#### Brief:
The first line of the entries below, the line containing "thumbnail image 1", and every line between them should be repeated exactly, and nothing else.

#### Excerpted data:
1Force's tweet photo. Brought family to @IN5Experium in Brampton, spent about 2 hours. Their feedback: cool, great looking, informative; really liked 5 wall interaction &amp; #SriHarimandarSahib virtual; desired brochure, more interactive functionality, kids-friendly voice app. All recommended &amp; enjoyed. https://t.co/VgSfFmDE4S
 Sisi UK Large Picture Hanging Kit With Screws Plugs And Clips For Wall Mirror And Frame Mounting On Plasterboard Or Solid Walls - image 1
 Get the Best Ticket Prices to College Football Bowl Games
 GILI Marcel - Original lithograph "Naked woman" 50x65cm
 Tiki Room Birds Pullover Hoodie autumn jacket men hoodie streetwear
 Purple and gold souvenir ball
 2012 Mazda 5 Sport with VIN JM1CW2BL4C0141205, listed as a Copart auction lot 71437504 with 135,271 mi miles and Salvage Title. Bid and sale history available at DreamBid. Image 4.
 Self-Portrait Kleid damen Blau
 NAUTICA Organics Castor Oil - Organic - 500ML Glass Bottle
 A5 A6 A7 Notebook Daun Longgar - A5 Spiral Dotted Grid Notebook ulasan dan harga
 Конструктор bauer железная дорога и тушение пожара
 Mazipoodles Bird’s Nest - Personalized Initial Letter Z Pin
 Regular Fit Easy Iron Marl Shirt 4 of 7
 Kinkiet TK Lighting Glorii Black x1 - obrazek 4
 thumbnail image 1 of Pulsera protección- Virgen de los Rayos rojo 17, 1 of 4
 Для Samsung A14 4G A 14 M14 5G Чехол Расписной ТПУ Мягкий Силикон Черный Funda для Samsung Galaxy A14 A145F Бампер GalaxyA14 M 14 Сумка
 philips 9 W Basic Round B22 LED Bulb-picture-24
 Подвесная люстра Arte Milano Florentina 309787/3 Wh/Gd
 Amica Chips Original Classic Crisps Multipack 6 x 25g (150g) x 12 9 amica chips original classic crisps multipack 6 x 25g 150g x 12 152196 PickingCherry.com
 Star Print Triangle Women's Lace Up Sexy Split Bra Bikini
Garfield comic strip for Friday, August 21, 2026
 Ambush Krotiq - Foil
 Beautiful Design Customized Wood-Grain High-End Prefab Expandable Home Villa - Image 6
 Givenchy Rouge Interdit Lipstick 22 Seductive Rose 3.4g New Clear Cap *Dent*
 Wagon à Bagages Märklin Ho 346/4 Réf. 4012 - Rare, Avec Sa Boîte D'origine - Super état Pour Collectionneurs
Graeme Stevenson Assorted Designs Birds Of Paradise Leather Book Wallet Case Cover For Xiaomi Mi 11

#### Written response:
1Force's tweet photo. Brought family to @IN5Experium in Brampton, spent about 2 hours. Their feedback: cool, great looking, informative; really liked 5 wall interaction &amp; #SriHarimandarSahib virtual; desired brochure, more interactive functionality, kids-friendly voice app. All recommended &amp; enjoyed. https://t.co/VgSfFmDE4S
 Sisi UK Large Picture Hanging Kit With Screws Plugs And Clips For Wall Mirror And Frame Mounting On Plasterboard Or Solid Walls - image 1
 Get the Best Ticket Prices to College Football Bowl Games
 GILI Marcel - Original lithograph "Naked woman" 50x65cm
 Tiki Room Birds Pullover Hoodie autumn jacket men hoodie streetwear
 Purple and gold souvenir ball
 2012 Mazda 5 Sport with VIN JM1CW2BL4C0141205, listed as a Copart auction lot 71437504 with 135,271 mi miles and Salvage Title. Bid and sale history available at DreamBid. Image 4.
 Self-Portrait Kleid damen Blau
 NAUTICA Organics Castor Oil - Organic - 500ML Glass Bottle
 A5 A6 A7 Notebook Daun Longgar - A5 Spiral Dotted Grid Notebook ulasan dan harga
 Конструктор bauer железная дорога и тушение пожара
 Mazipoodles Bird’s Nest - Personalized Initial Letter Z Pin
 Regular Fit Easy Iron Marl Shirt 4 of 7
 Kinkiet TK Lighting Glorii Black x1 - obrazek 4
 thumbnail image 1 of Pulsera protección- Virgen de los Rayos rojo 17, 1 of 4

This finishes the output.